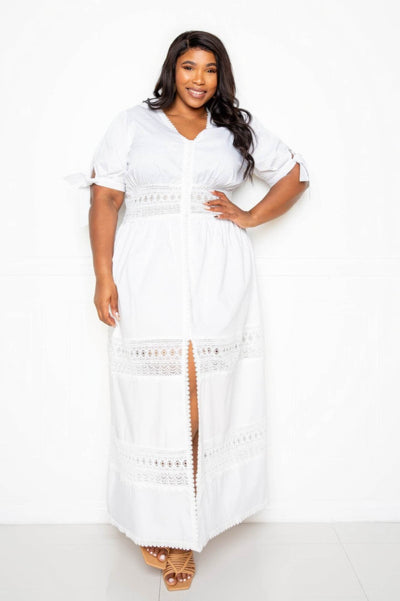 Puff Sleeve Maxi Dress With Lace Insert - Ebony's Shopping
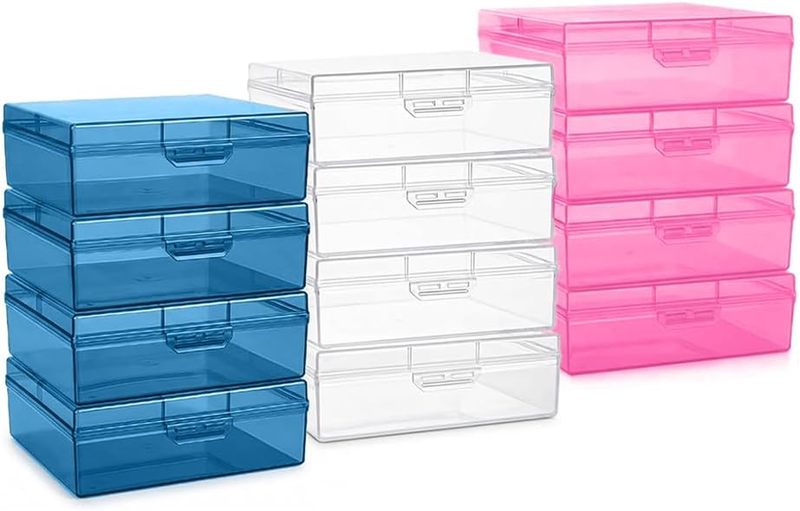 12 Pack Shallow Craft Storage Boxes with Lid, Clear Square Plastic Containers, O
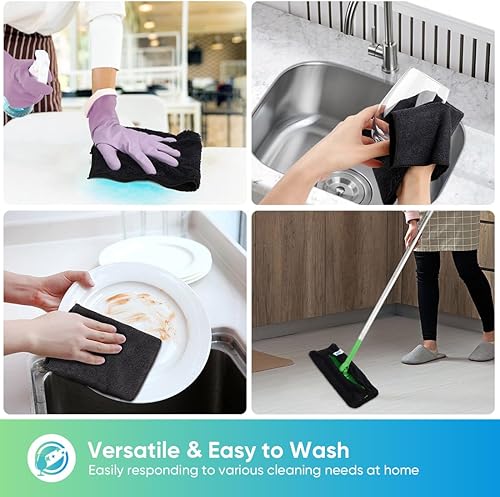 Miniatura 5 de HOMEXCEL Paño de limpieza de microfibra negro, paquete de 12 toallas de microfibra de alta calidad para automóviles, sin pelusas, sin arañazos,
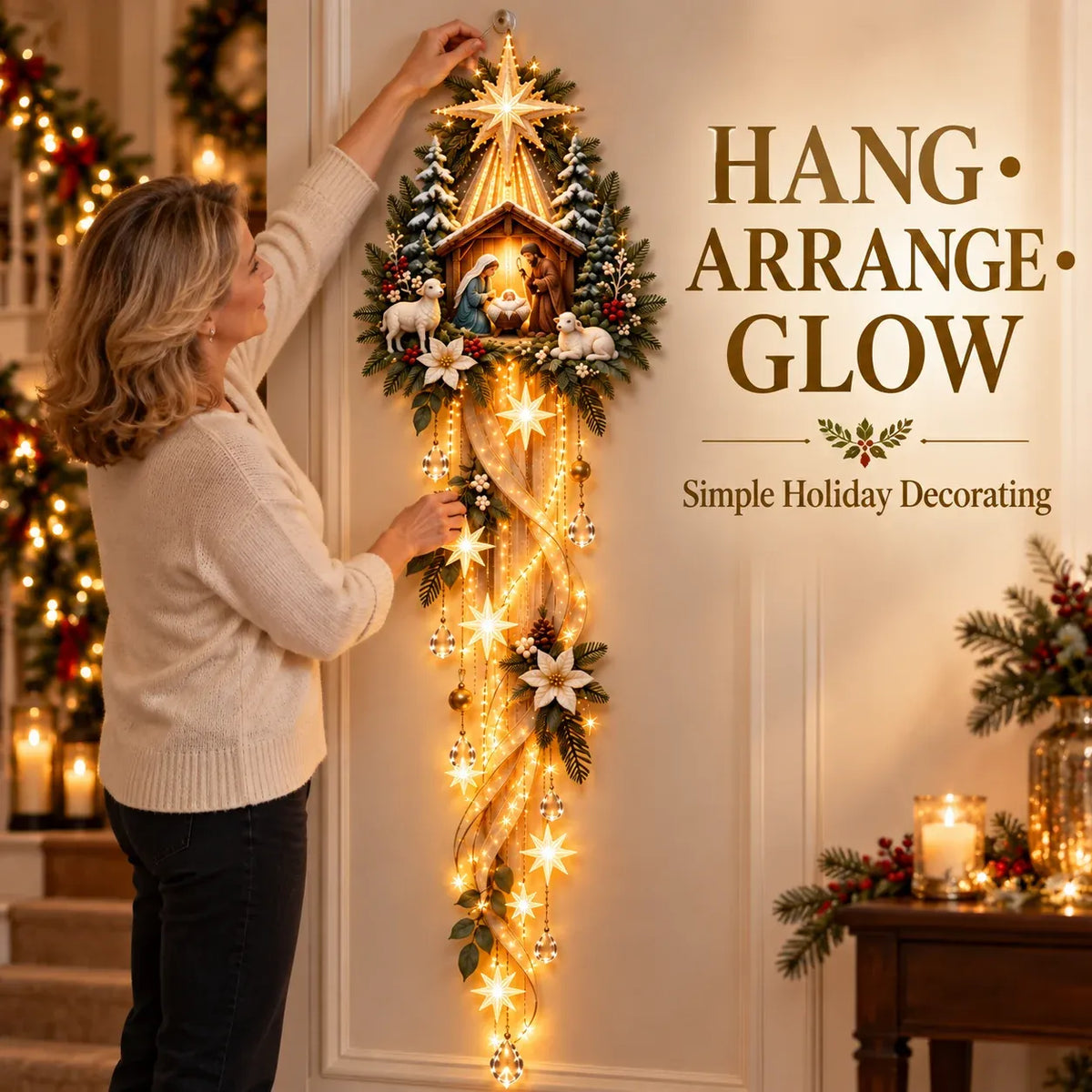⏳ Last Day 49% OFF – ✝️ Nativity Starfall Wall Light | Warm Golden Bethlehem Glow for Christmas Walls & Faith-Filled Homes ⭐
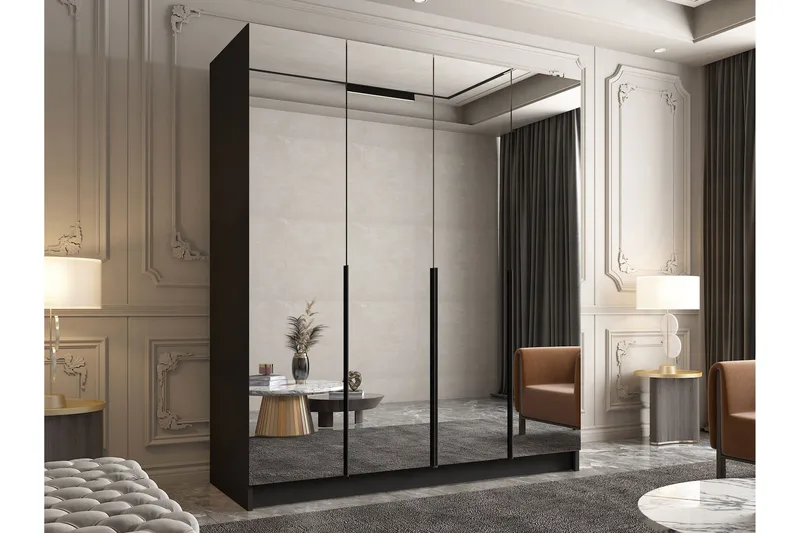 Vadstena Garderob med Spegel 200 cm - Svart - Förvaring - Garderober & garderobssystem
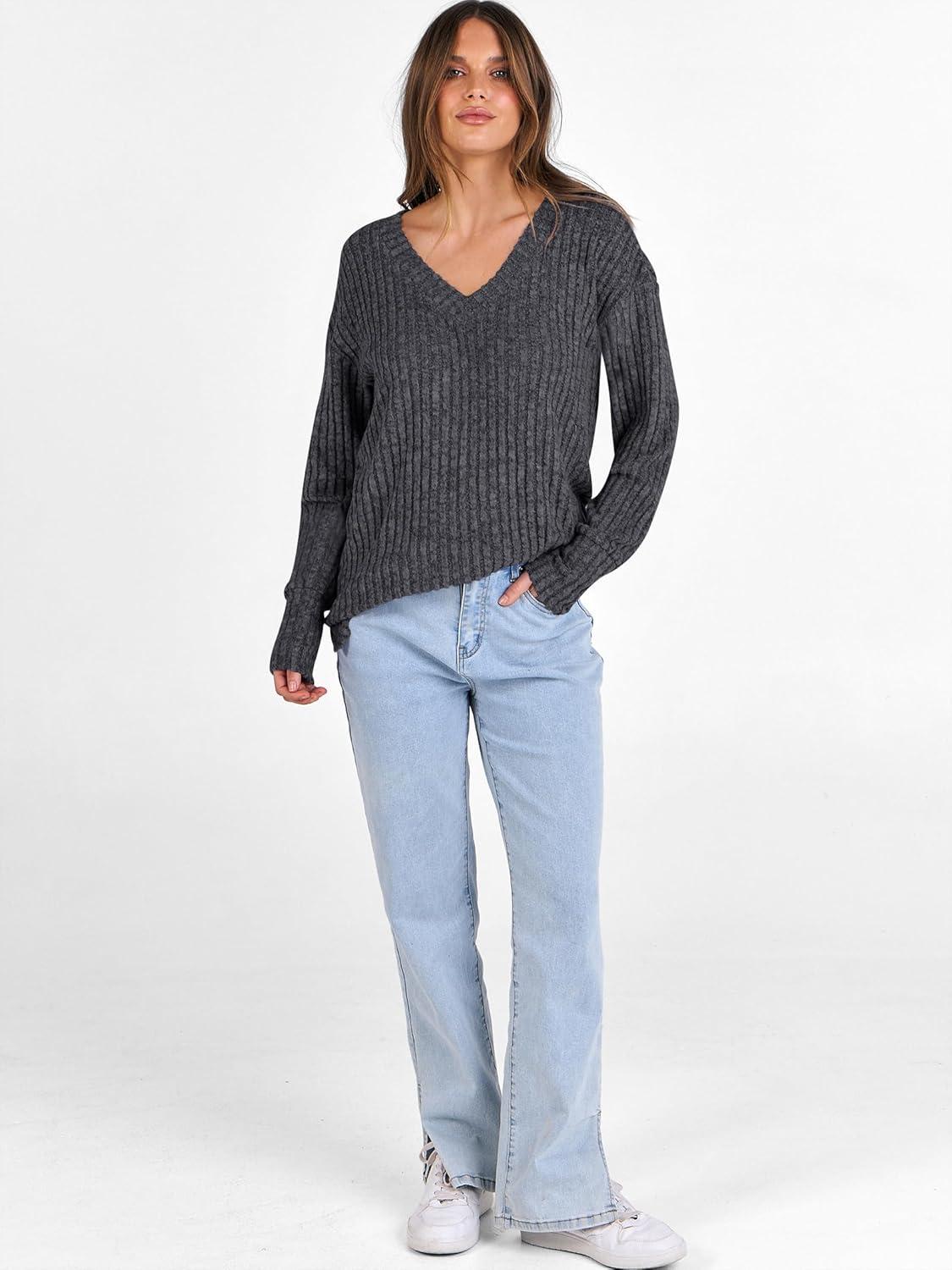 imageANRABESS Long Sleeve Shirts for Women V Neck Casual Fall Tops Loose Fit Lightweight Sweaters Tunic Fashion 2025 ClothesDeep Grey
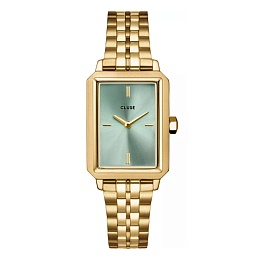 Fluette Watch Steel, Sage Green, Gold Colour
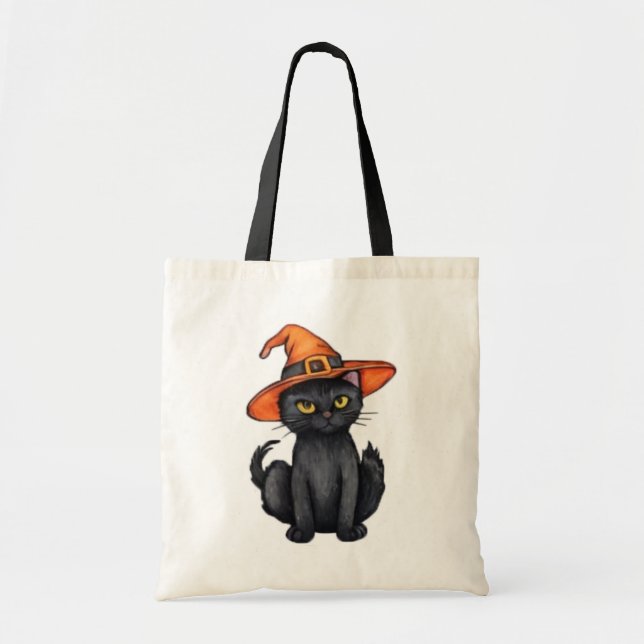Spooky schwarze Katze mit Hexenhut Halloween Tragetasche (Vorne)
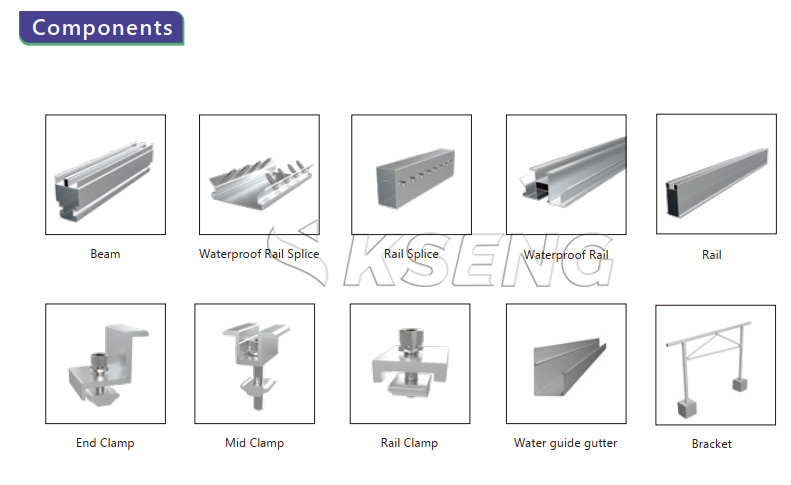 Modular Waterproof Aluminum Solar Carports Brackets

### Problem
There should be an exact restatement of the lines from the line with "Miniatura 5 de" through the last line of the entries above, and no pictures in it.

### Output of the exercise
 Miniatura 5 de HOMEXCEL Paño de limpieza de microfibra negro, paquete de 12 toallas de microfibra de alta calidad para automóviles, sin pelusas, sin arañazos,
⏳ Last Day 49% OFF – ✝️ Nativity Starfall Wall Light | Warm Golden Bethlehem Glow for Christmas Walls & Faith-Filled Homes ⭐
 Vadstena Garderob med Spegel 200 cm - Svart - Förvaring - Garderober & garderobssystem
 imageANRABESS Long Sleeve Shirts for Women V Neck Casual Fall Tops Loose Fit Lightweight Sweaters Tunic Fashion 2025 ClothesDeep Grey
 Fluette Watch Steel, Sage Green, Gold Colour
Spooky schwarze Katze mit Hexenhut Halloween Tragetasche (Vorne)
 Modular Waterproof Aluminum Solar Carports Brackets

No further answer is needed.